I have a hunch that old expression about "being careful what you wish for" has crossed a few minds besides mine today. Last night our drought was broken by an epic, gully washing, frog choking, deluge of Biblical proportions .
|rain overflowing our guttering|
Since the Old Salt spent over forty years living in southern California he has both a fascination and fear relationship with storms. He was at the front door before I even realized what the noise was. A few seconds later he had gotten his weather radio and we were listening to extreme warnings for our surrounding area.
The announcer was warning all those with livestock, exhibits, and booths at the fair to secure everything because forty to seventy mile per hour winds were entering our area along with torrential rain and hail. He was so right.

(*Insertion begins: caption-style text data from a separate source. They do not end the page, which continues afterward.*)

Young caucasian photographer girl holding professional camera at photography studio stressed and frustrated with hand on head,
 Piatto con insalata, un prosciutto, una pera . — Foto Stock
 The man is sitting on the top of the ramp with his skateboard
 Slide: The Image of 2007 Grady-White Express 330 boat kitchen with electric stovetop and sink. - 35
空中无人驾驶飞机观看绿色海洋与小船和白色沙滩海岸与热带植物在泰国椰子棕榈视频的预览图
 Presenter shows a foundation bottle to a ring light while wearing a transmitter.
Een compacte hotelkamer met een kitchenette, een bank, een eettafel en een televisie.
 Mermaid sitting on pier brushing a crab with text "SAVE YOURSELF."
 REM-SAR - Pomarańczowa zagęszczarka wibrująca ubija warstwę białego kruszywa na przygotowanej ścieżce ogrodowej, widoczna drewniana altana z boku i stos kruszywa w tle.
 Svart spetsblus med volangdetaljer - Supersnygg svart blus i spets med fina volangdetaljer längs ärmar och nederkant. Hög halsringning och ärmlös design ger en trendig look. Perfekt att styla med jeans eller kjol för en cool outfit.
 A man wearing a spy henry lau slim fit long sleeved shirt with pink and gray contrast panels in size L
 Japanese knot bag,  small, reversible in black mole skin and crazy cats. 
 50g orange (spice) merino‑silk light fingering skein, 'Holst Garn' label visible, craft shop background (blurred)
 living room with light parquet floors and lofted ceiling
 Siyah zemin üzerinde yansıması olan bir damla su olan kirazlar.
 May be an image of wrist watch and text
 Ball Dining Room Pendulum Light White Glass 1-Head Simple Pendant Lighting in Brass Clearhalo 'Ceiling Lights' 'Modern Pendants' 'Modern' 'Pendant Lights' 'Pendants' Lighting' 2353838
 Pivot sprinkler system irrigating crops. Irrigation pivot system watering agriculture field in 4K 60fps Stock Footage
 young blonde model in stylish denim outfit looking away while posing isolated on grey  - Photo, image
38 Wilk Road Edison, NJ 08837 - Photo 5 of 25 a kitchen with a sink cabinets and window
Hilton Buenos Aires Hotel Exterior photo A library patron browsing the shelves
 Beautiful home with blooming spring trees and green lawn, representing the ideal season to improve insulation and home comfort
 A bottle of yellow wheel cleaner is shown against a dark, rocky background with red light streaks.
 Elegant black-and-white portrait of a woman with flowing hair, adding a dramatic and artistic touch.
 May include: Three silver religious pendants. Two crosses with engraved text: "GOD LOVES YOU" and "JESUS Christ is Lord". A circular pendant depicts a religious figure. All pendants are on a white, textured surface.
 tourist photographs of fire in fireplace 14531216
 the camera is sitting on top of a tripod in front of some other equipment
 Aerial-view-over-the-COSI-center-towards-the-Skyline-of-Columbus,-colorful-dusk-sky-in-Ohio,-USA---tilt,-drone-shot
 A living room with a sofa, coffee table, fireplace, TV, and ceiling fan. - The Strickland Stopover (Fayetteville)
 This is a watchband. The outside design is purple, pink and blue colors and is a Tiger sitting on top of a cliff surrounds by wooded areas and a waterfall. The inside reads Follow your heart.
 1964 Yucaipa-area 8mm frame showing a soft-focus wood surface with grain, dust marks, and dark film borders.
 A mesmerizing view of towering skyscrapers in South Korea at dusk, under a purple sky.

Over the next couple of hours the weather gods dumped everything they had on us.
|Photo taken at the 2009 fair|
Footnote: (added 8/5 at 7pm) Just saw the report on the 6:00 news about the problems with the storm at the fair last night. There were eleven thousand people that had to be evacuated from the fairgrounds by school buses once the storm started. Damage from lightning, rain and wind was extensive. Only one injury was reported which was amazing with all the flying objects. It was the first time in decades that emergency plans had to be used and apparently everything went off without any problems. Even through the fair was open today some minor venues were closed. Last I heard the main stage show for this evening was expected to preform on scheduled. The Old Salt and I decided not to attend the fair today after all.
|taken last April|
This cypress tree is in our neighbors back yard and today the entire neighborhood is littered with the lacy leaves, pods and twigs blown around by the storm. It will take me days to pick up all the mess embedded in the mulch of my flowerbeds that I can not take a rake too.
When I walked my yard this morning, I found most of my flowerpots lying on their sides and several of the clay ones broken. Plants were bent and branches were broken. One tomato plant heavy with ripening fruit snapped in half and lay on the patio. Statues and other yard art were not only blown over but moved around in some cases. My shepherd hooks were leaning and had lost the plants and birdhouses that were hanging from them. I also found my patio umbrella in a broken heap against the fence. But, the worst damage was to the hawthorn tree at the corner of the yard. The tree was leaning after a storm last fall and after last night, it is leaning so much more that we will have to take it down.
The bright side is we got over three inches of rain and I will gladly sacrifice an old patio umbrella and a few tomatoes to the weather gods if it means our farmers get some relief. I didn't really care for that thorny old hawthorn tree anyway and now I have an excuse to replace it with something ... shady...no, perhaps, flowering and sweet smelling.